Estratégia silenciosa, resultados barulhentos: Bruxelas avança onde Washington tropeça. Enquanto o Tio Sam briga com parceiros, a UE consolida seu poder de compra coletivo.
O feitiço vira contra o feiticeiro: as mesmas políticas protecionistas que os americanos usam agora são armas europeias. Ironicamente eficaz—e sem precisar de resgate bancário.
Bruxelas quer que as empresas locais "comprem europeias"
Bruxelas também quer acelerar o trabalho em padrões compartilhados para redes de energia, redes 5G e serviços financeiros para que as empresas possam escalar fronteiras com menos atraso.
O governo de Trump já impôs tarefas sobre aço, alumínio e uma variedade de outros produtos. Essas etapas, combinadas com preocupação com o domínio americano em tecnologia avançada, alimentam chamadas na Europa para uma maior autoconfiança econômica.
Stéphane Séjourné, vice-dent executivo da Comissão para a indústria e o mercado interno, apresentou o plano na quarta-feira. Uma medida-chave é uma alteração nas regras de compras públicas que permitiriam às autoridades nacionais e locais “comprarem europeias” e excluir os licitantes da UE emtracestratégicos.
Séjourné se referiu à idéia como um "ato europeu de compra" e disse que equilibraria a abertura do realismo. "Há uma vontade de permanecer um continente que está exportando internacionalmente e ao mesmo tempo para ser lúcido e menos ingênuo sobre os setores estratégicos", disse Séjourné.
Se os governos da UE devolverem a proposta no próximo ano, eles poderiam recusar ofertas de empresas estrangeiras para projetos do setor público, que variam da construção de estradas à infraestrutura digital. As regras da Organização Mundial de Comércio da UE de hoje proíbem favorecer fornecedores locais, para que a mudança marcaria uma grande ruptura com a postura de livre comércio do bloco.

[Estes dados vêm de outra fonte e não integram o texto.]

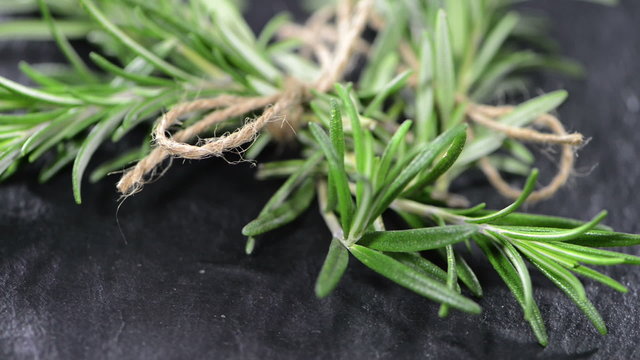Rotating Rosemary plant as loopable video clip (close-up)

Os apoiadores argumentam que a exclusão de rivais com preços mais baixos da China e de outros lugares protegerá as principais indústrias. Os críticos alertam que outros países podem retaliar arquivando casos na OMC.
Séjourné, um ex -ministro das Relações Exteriores francês e aliado próximo dodent Emmanuel Macron, há muito tempo pressiona a Europa para ser mais autônoma. Ele descreveu a mudança de compras como um "primeiro passo", acrescentando que as autoridades examinarão mais tarde as transações do setor privado "com argumentos sobre segurança e segurança econômica" para decidir onde podem ser necessárias salvaguardas extras.

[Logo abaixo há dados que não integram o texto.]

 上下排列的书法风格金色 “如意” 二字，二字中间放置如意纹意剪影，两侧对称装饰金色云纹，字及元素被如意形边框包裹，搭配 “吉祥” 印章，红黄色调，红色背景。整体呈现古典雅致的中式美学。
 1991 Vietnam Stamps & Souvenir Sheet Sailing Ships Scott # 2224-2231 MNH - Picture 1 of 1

A independência digital é outro ponto focal para a UE
Os reguladores europeus estão redigindo regras separadas para o mercado de computação em nuvem, agora dominada pelos grupos americanos Amazon, Microsoft e Google. A nova legislação deve incluir elementos "comprar europeus" semelhantes aos do pacote de quarta -feira.
Séjourné não listou as indústrias -alvo, mas sinalizou urgência onde quer que o bloco confie em uma única fonte estrangeira. "Na tecnologia, somos muito, muitodent dos americanos. Nas matérias -primas, somos 100 %dent dos chineses. Estes são setores, no contexto geopolítico atual, não queremos que as gerações futuras nos culpem por não terem agido", disse ele.

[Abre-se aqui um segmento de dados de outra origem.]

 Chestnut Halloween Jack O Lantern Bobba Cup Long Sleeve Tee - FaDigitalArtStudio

Apesar dos desafios, Séjourné vê aberturas. A economia da UE lutou desde a pandemia covid-19 e o choque energético que se seguiu à invasão em grande escala da Rússia na Ucrânia. As empresas reclamam que as regras climáticas rigorosas aumentam os custos, as importações chinesas prejudicam os preços e as tarifas dos EUA espremem as margens.
No entanto, Séjourné argumentou que a Europa está em uma posição "quase ideal" porque "os americanos continuam sendo nossos parceiros e os chineses querem fortalecer a parceria". Com uma negociação cuidadosa, Séjourné acredita que o bloco pode "progredir em muitas grandes dificuldades com os chineses em muitos setores".